** Stored data follows **

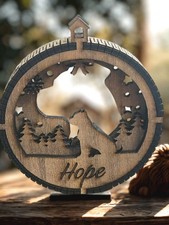 Pitbull Personalized 3D Wood Custom Name Christmas Ornament Round Rustic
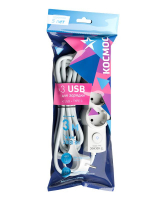 Удлинитель 3х3м с заземл. 10А IP20 USB 2800Вт 220В ПВС 3х1 с выкл. бел. КОСМОС YKsm3m3g-Z-VU10А-W ТехноИмпульс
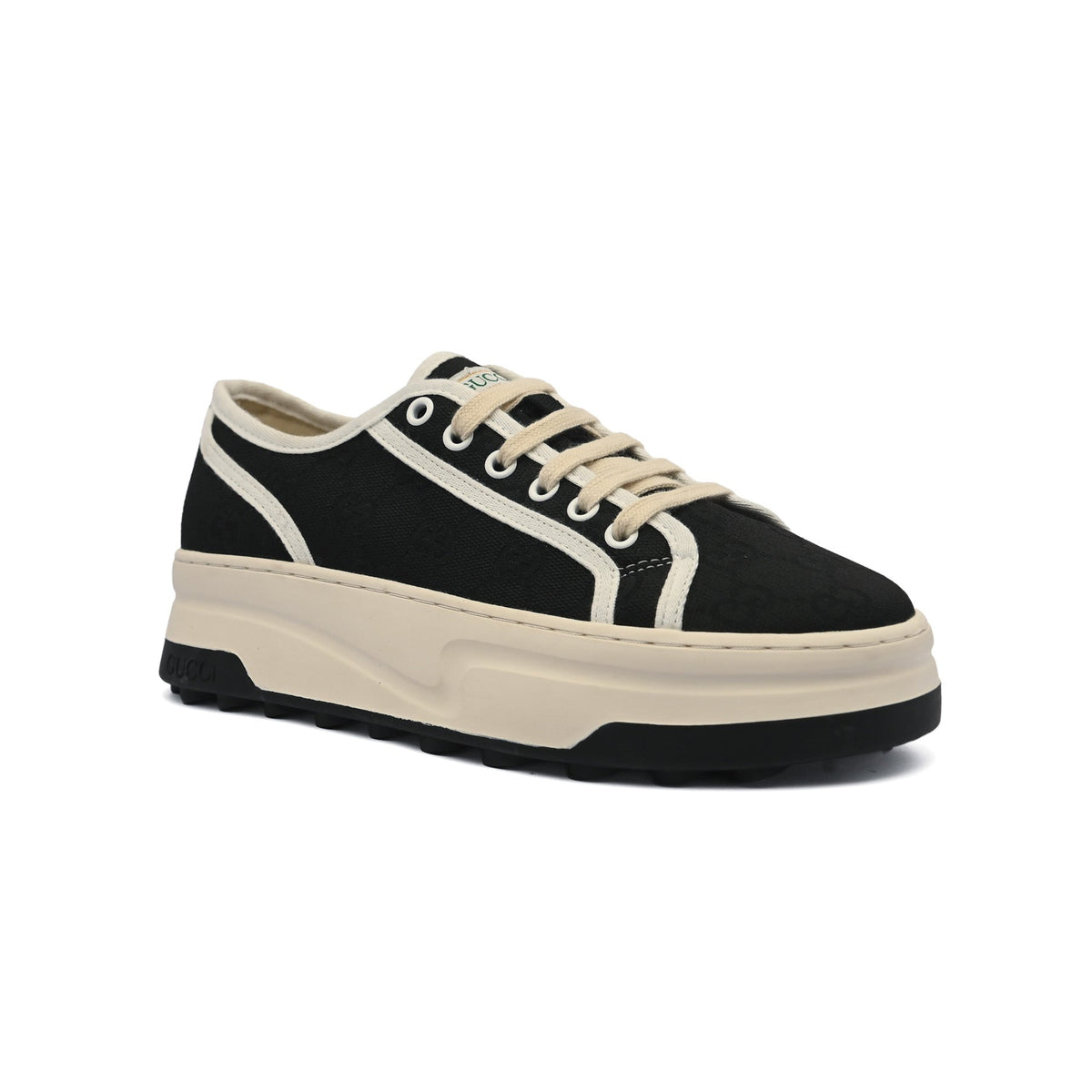 Gucci GG Canvas Platform Sneaker in Black and White GU595 - 1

** End of Stored data **

**What to work on**
The answer must be the full listing, exact in every line, with the pictures removed.

**Your response**
 Pitbull Personalized 3D Wood Custom Name Christmas Ornament Round Rustic
 Удлинитель 3х3м с заземл. 10А IP20 USB 2800Вт 220В ПВС 3х1 с выкл. бел. КОСМОС YKsm3m3g-Z-VU10А-W ТехноИмпульс
 Gucci GG Canvas Platform Sneaker in Black and White GU595 - 1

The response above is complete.